Je connaissais Helio depuis dix ans. Le jour où René Espi, fils de Roberto Espi -chanteur du glorieux Conjunto Casino des années 50 - nous avait présenté, nous étions resté très tardivement sous les frondaisons de la sublime 'casona' de l'UNEAC à consommer moult 'roncitos con cola' et à écouter Helio, en très grande forme, nous faire un best-of acide et cruel de plus d'une heure ininterrompue sur TOUS les présidents de la République cubaine depuis l'indépendance et leurs vices et turpitudes diverses. Helio était un très grand conteur. Il parlait aussi un très bel espagnol 'cubano criollo', tout aussi éloigné de la bouillie populaire cubaine que des rigueurs du pur castillan. A cet effet, regardez-le parler du Carnaval de Santiago de Cuba dans cet extrait.


J'ai réalisé, traduit et co-écrit trois livres en français avec lui sur les musiques cubaines. « Fiesta Havana » est maintenant considéré comme le livre de référence sur la glorieuse période des années 40 et 50 et j'en suis fier. « Ritmo Cubano » est un livre unique sur ces grands éditeurs discographiques cubains, créatifs et indépendants, fleuron culturel de la Cuba d'avant Fidel.

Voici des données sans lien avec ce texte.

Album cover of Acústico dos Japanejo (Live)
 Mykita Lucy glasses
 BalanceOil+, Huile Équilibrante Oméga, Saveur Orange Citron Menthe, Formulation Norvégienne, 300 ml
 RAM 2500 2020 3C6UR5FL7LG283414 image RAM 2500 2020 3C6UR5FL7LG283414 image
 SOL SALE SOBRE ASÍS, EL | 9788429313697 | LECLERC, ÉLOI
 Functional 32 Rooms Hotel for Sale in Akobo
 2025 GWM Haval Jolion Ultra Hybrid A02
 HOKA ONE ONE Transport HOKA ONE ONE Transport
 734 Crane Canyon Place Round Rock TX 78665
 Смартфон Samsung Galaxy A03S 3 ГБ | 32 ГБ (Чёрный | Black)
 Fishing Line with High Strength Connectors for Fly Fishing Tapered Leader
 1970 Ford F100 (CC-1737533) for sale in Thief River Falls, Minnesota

On avait passé des semaines avec Helio à écumer les lieux les plus improbables de La Havane et ses banlieues pour refaire vivre toutes ces sublimes pochettes de l'époque. « Le guide des musiques cubaines » est une excellente introduction de poche à ce 'continent' de la musique qu'est la grande île caraïbe. Très grand connaisseur de l'histoire de la musique cubaine et des rythmes populaires dansants, Helio n'était au fond que peu attiré par le Jazz trop jazz et surtout la Timba récente - qu'il jugeait vulgaire, brouillonne et peu musicale - ne parlons même pas des rappeurs locaux et de l'invasion reggaeton ! C'était l'un de nos sujets de discorde rituels. Problème de génération, probablement. Il préférait me raconter ses après-midis dominicaux des années 50 dans les jardins de La Polar ou La Tropical à écouter Benny Moré et tous les autres, sous les palmiers, une gorgée de mousse aux lèvres et entouré de sublimes mulâtresses toutes plus disponibles les unes que les autres... disait-il !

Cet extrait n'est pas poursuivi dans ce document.